INPUT DATA Block Start

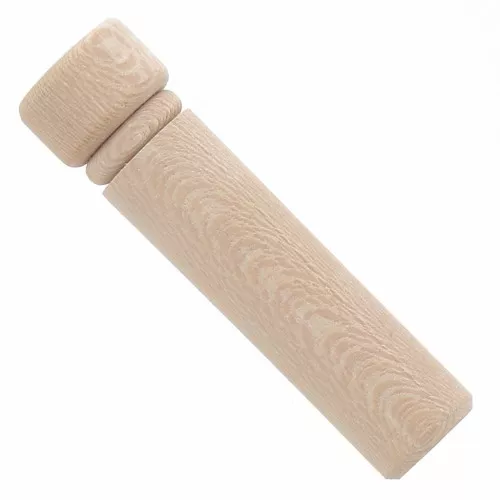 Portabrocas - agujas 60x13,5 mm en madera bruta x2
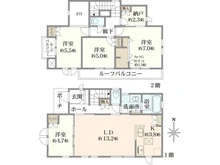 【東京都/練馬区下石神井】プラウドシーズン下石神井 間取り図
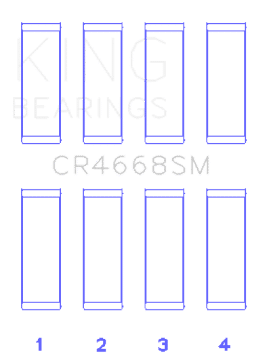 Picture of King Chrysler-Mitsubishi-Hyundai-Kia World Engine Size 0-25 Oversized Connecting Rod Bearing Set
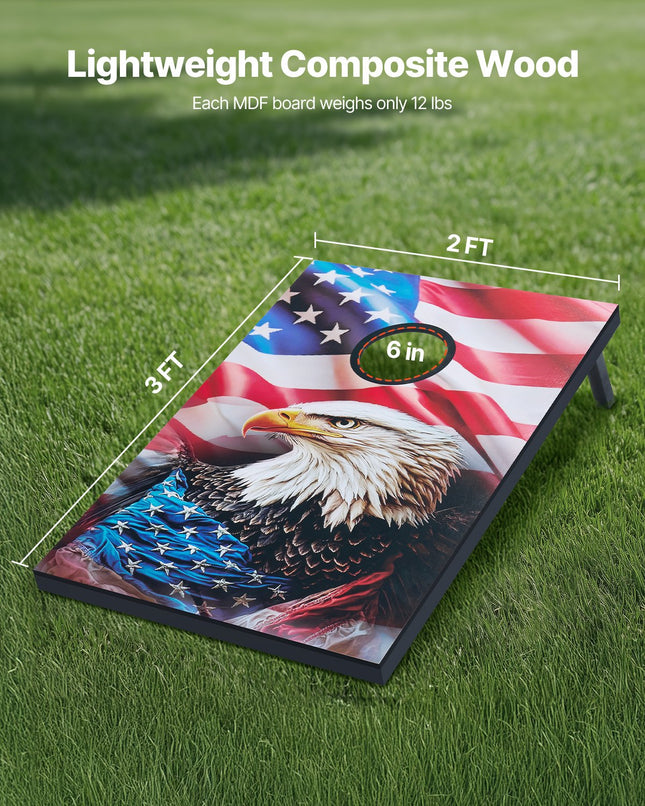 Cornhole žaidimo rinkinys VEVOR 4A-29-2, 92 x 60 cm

INPUT DATA Block End

_TASK INSTRUCTIONS_.
Exactly as written above, print every line of the data but not its pictures.

_RESPONSE_.
 Portabrocas - agujas 60x13,5 mm en madera bruta x2
 【東京都/練馬区下石神井】プラウドシーズン下石神井 間取り図
 Picture of King Chrysler-Mitsubishi-Hyundai-Kia World Engine Size 0-25 Oversized Connecting Rod Bearing Set
 Cornhole žaidimo rinkinys VEVOR 4A-29-2, 92 x 60 cm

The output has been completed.